グレース(氷の膜)

タラバガニのポーション

グレースとは、冷凍されたカニの表面を覆っている氷の膜のことです。カニを冷凍する際に、乾燥から守るためにグレース加工を行い、表面に氷の膜を作ります。解凍したときに出る水分のほとんどは、このグレースが溶けたものです。

カニに付いている「氷の膜」はどうして付いている?

カニ製品の表面に付いている「氷の膜」は、冷凍焼け(フリーズドライ現象)を防ぐために、意図的に付けられているものです。
この氷の膜を「グレース」と呼びますが、グレースがないと冷凍庫に入れていても少しずつ品質が落ちていってしまいます。劣化が進むと身はパサパサになり、味も変わって美味しくなくなってしまうのです(>_<)

たま~になのですが、お客様から「わざと氷を付けて重くしてるんじゃないの?」とご質問をいただくことがあるのですが、いえいえ!決して内容量を増やしているわけではありません。製造者はカニの品質を守るため、丁寧にグレースを付けているのです。

冷凍焼け(フリーズドライ現象)とは?

カニに限らず、冷凍品(食品)は冷凍庫に入れたままでも少しずつ劣化が始まります。
冷凍した状態であっても、徐々に水分が昇華して失われていくのです。その現象を冷凍焼け(フリーズドライ現象)と呼んでいます。

カニ製品にとって、この冷凍焼けは非常に厄介なもので、カニの美味しさの大部分は身に含まれている旨み成分が詰まった水分であるというにことが問題になります。
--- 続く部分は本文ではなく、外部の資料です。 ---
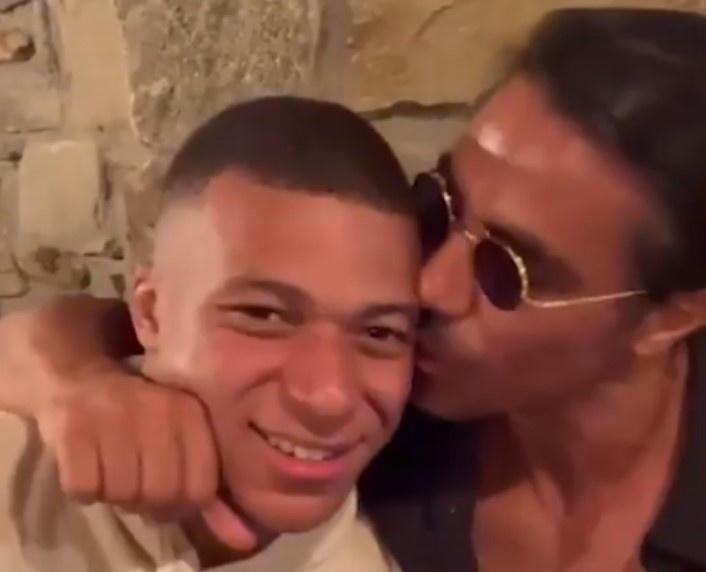 'Thanh rac muoi' bi chi trich khi hon ma Mbappe hinh anh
水分の抜けたカニ身は食感が落ちるだけだけではなく、カニ自体の味もしなくなります。パサパサになったカニ身ほど、使いようのないものはありません。それだけ、カニの水分は失われてはいけない大切な要素となります。

真空パックにすれば良いのでは?

カニは殻と身の間に僅かな隙間(空気)があるので、殻の上から真空パックにしても、完全な真空状態にはなりません。真空にならなければ劣化を防ぐことができないため冷凍焼けになってしまいます。ボイルしたカニ足などは、丸ごとビニールのフィルムで包んでいるシュリンク包装された製品がありますが、シュリンク包装自体には冷凍焼けを抑える効果はありません。

当店で販売しているボイル本タラバガニ脚(5L)などは、カニ足にグレース加工を施して、その上からシュリンク包装をして出荷しています。シュリンク包装する理由は、第一に取扱いが楽なこと。また、足折れなどを防ぐためにも役に立っています。

氷のコーティングでカニを守る!グレース加工で劣化を防ぐ!

鮮度はもとより、味わいや食感が失われないよう、カニには氷の膜を付けて外気を遮断する保存方法が施されいます。それがグレース加工です。水分の昇華は冷凍庫内の僅かな温度変化で著しく加速する特性があります。特に、開け閉めを頻繁にする家庭の冷凍庫では、それほど長期(保存)にならなくても、冷凍焼けをしてしまうケースがあります。

私たちが使用している業務用の冷凍庫(-50℃)であっても、完全に冷凍焼けを防ぐことはできません。目には見えなくても、少しずつ水分は昇華されているのです。それを防ぐ技術がグレース加工になります。

カニの本来の味わいを少しでも良い状態でお届けするため、グレース加工を施すことは重要な行程となります。解凍すると氷が溶けて多くの水分が出ますが、それは真空パックのフィルムを取るようなもの。カニ自体の美味しさはしっかりとキープされているので大丈夫です。

グレース加工はカニを守るための(氷の)コーティングです!
カニの種類や大きさ、製品化する部位によって加工の仕方(氷の厚さ)が変わってきますが、逆に全くグレースの付いていないカニには注意が必要です。

冷凍で保存されていても、徐々に劣化してしまうのは前述のとおりですが、あまりにも長期間凍結しているとグレース自体が昇華してしまうことがあります。極めて稀なケースではありますが、何年も在庫として保存しておいた商品が販売されることも皆無ではありません。カニの品質を見極めるためにも、グレースの有無は大切な目安となるのです。